##### SUPPLIED MATERIAL #####

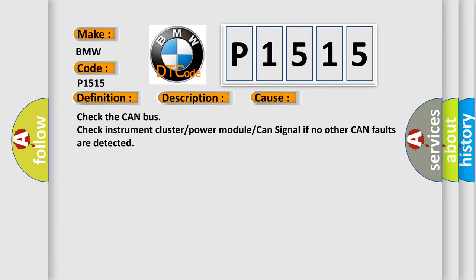This diagnostic error occurs most often in these cases: Check the CAN bus, check instrument cluster power module CAN signal if no other CAN faults are detected.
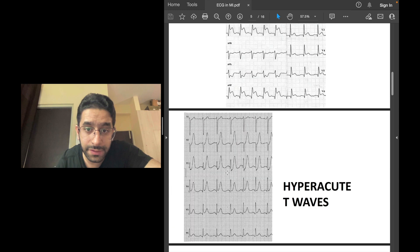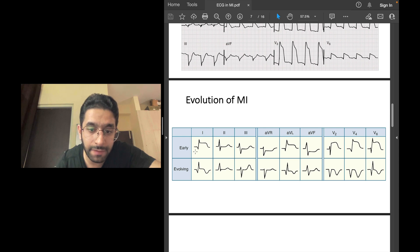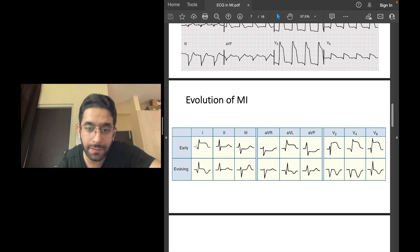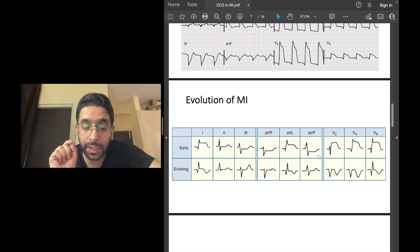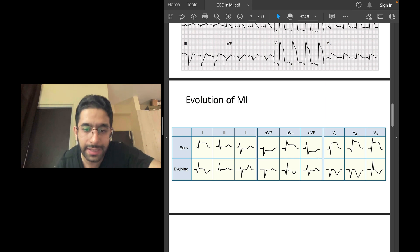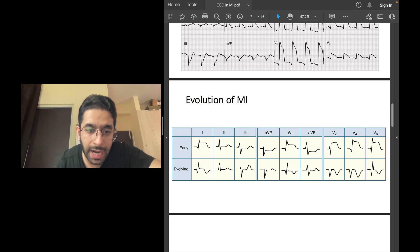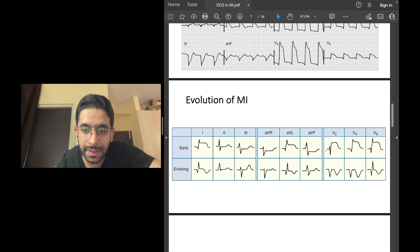This is how an MI evolves. At presentation, you have ST elevation in leads 1, AVL, V2 through V6 — an anterior wall STEMI. Several hours later — say 5, 6, or 10 hours after the chest pain — Q waves start to appear. Notice a QS complex in V2, a QS complex in V4, and a Q wave in V6. Q waves evolve and T waves start to invert.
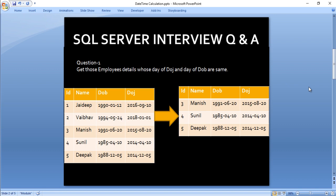We have a total of three questions. For the first question, we have an input table that contains four columns: ID, name, date of birth, and date of joining. In our output we want all the columns, but we want to get those employees where the day of date of joining and the day of date of birth are the same.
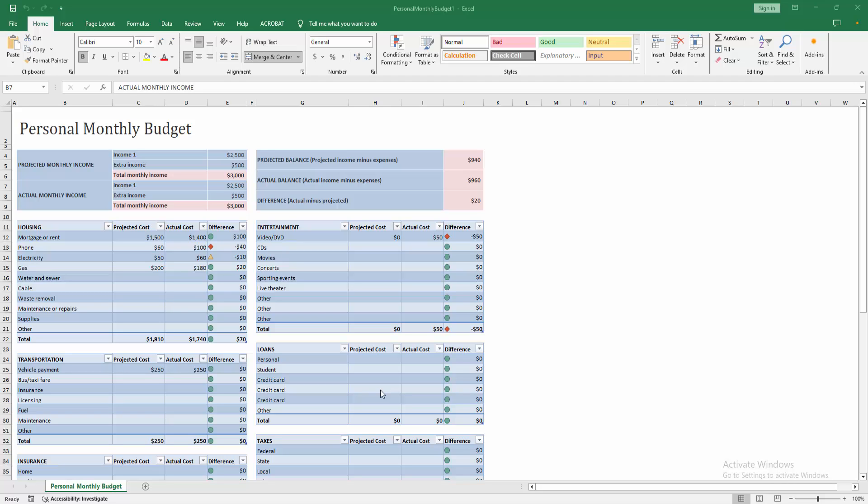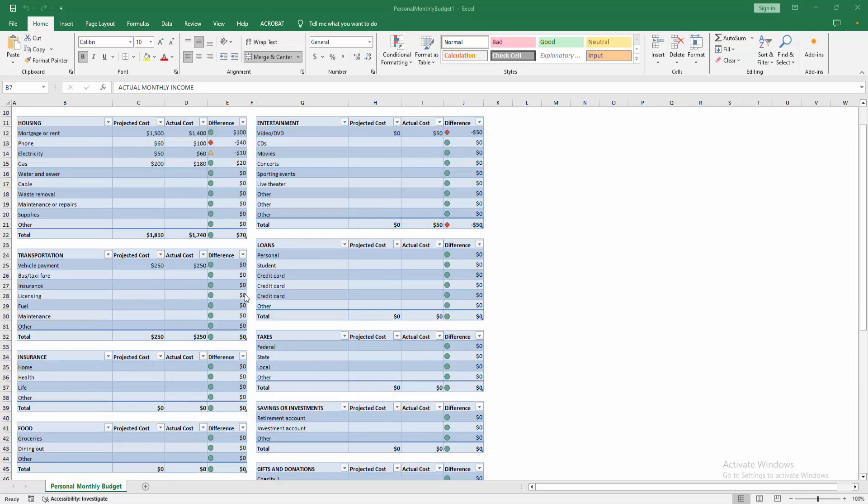Assalamualaikum, hello friends, how are you? Welcome back to another video. In this video I am going to show you how to copy an Excel table into PDF using Excel. Let's get started.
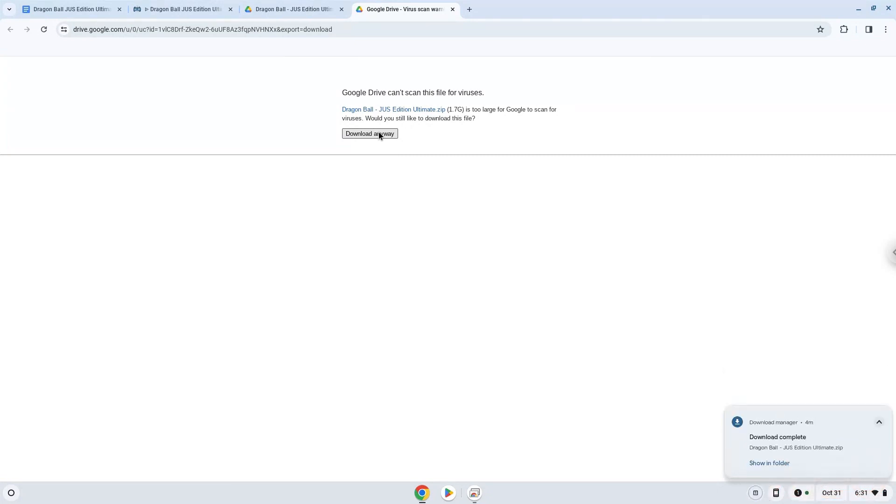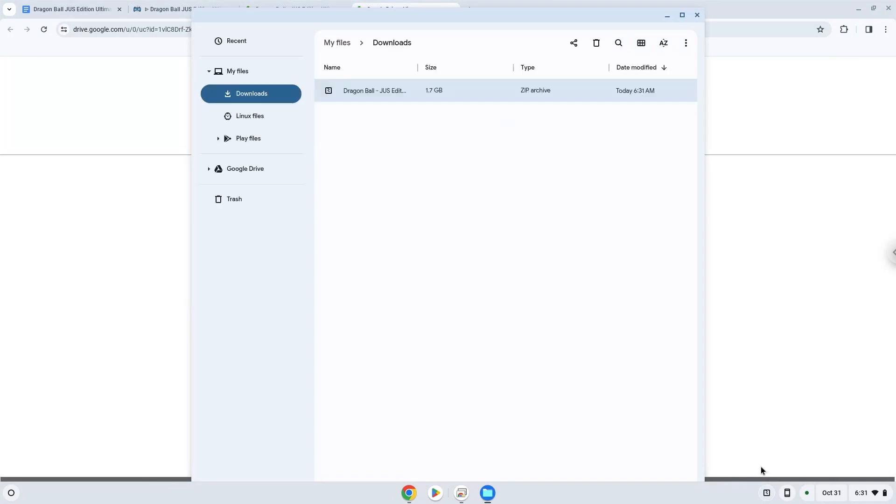Now we will open it in our file manager. Move the installer to the Linux folder.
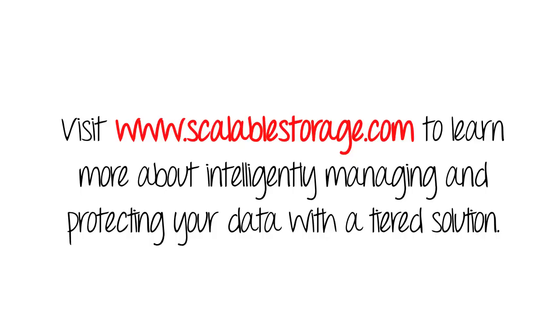Visit www.scalablestorage.com to learn more about intelligently managing and protecting your data with a tiered solution.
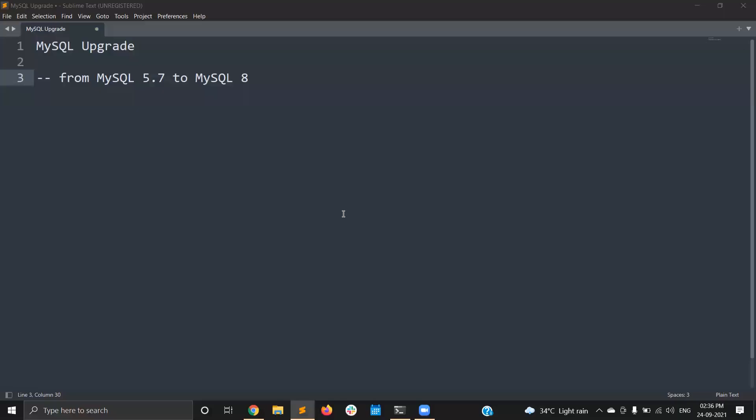Hi friends, this is Sri. Today I am going to explain about the MySQL upgrade — how to do the MySQL upgrade from MySQL 5.7 to MySQL 8.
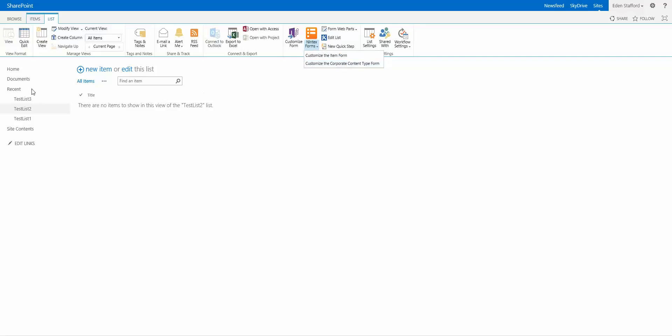So I've assigned it to this particular list. I have three lists here, Test List 1, 2 and 3. Each one of them have this Corporate Content Type.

#####

## YOUR TASK
Would you return all the data exactly as given, minus the pictures?

## WORKED SOLUTION
This diagnostic error occurs most often in these cases: Check the CAN bus, check instrument cluster power module CAN signal if no other CAN faults are detected.
This is how an MI evolves. At presentation, you have ST elevation in leads 1, AVL, V2 through V6 — an anterior wall STEMI. Several hours later — say 5, 6, or 10 hours after the chest pain — Q waves start to appear. Notice a QS complex in V2, a QS complex in V4, and a Q wave in V6. Q waves evolve and T waves start to invert.
We have a total of three questions. For the first question, we have an input table that contains four columns: ID, name, date of birth, and date of joining. In our output we want all the columns, but we want to get those employees where the day of date of joining and the day of date of birth are the same.
Assalamualaikum, hello friends, how are you? Welcome back to another video. In this video I am going to show you how to copy an Excel table into PDF using Excel. Let's get started.
Now we will open it in our file manager. Move the installer to the Linux folder.
Visit www.scalablestorage.com to learn more about intelligently managing and protecting your data with a tiered solution.
Hi friends, this is Sri. Today I am going to explain about the MySQL upgrade — how to do the MySQL upgrade from MySQL 5.7 to MySQL 8.
So I've assigned it to this particular list. I have three lists here, Test List 1, 2 and 3. Each one of them have this Corporate Content Type.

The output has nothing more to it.